[Opening Data excerpts section]

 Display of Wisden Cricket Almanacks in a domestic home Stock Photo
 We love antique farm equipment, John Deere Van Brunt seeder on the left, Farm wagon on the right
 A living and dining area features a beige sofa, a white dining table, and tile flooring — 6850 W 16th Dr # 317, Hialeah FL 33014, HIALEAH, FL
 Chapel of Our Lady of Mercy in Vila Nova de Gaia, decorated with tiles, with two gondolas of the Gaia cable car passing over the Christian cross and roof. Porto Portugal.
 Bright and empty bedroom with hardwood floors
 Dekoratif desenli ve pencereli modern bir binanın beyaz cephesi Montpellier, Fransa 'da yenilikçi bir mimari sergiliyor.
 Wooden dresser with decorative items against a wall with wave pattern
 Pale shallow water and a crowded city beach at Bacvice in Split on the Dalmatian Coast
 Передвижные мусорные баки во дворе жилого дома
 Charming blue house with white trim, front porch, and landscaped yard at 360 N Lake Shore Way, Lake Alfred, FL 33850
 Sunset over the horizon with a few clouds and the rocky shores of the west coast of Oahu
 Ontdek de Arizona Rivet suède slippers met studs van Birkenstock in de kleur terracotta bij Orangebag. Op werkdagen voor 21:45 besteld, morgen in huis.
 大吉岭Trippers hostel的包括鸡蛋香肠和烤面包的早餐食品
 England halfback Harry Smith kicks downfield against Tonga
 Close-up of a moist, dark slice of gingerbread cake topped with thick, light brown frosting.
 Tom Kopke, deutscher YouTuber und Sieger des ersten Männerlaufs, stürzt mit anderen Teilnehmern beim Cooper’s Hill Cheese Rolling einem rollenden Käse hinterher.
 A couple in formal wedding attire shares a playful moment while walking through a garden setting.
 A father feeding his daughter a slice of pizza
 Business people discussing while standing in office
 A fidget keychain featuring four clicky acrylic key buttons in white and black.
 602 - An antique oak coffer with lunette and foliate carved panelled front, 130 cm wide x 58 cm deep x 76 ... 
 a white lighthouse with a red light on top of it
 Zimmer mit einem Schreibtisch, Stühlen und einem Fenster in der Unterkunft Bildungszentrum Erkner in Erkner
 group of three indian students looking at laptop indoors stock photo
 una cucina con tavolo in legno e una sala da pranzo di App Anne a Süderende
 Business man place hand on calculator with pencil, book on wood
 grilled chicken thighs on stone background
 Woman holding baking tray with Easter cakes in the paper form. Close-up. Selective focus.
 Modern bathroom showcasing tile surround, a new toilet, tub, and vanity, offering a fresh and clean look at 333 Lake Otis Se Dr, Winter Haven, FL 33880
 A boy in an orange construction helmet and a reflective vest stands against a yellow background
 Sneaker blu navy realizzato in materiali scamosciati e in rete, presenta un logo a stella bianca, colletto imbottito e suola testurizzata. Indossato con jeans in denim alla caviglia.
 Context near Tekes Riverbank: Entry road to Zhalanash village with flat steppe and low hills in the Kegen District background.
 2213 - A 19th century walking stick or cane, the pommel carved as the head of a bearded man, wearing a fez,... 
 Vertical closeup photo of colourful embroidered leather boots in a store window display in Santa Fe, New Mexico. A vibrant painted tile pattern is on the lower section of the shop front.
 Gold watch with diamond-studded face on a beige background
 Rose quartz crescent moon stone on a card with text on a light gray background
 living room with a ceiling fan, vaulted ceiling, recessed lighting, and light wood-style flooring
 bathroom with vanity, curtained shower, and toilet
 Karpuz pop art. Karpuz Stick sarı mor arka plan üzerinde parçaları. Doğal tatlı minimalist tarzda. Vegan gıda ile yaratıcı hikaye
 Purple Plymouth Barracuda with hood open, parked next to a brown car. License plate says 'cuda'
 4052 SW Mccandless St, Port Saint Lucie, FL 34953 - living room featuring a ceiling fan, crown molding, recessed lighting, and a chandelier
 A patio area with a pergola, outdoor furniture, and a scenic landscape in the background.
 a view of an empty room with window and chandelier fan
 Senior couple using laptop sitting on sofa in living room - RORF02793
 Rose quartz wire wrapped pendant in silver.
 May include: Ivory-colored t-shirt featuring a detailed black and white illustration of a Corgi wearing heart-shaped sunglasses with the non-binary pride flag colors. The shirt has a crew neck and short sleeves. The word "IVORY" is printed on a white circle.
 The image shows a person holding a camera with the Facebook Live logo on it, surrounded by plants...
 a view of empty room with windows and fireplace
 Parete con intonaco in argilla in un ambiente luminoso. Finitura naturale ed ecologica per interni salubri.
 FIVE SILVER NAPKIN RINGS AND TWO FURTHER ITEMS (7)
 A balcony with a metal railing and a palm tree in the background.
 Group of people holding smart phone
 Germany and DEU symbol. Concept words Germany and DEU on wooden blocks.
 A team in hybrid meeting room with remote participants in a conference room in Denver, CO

[Closing Data excerpts section]

* **Aim of the task**:
How many lines of the data include the word "flooring"? Reply with the number and nothing else.

* **Expected answer**:
2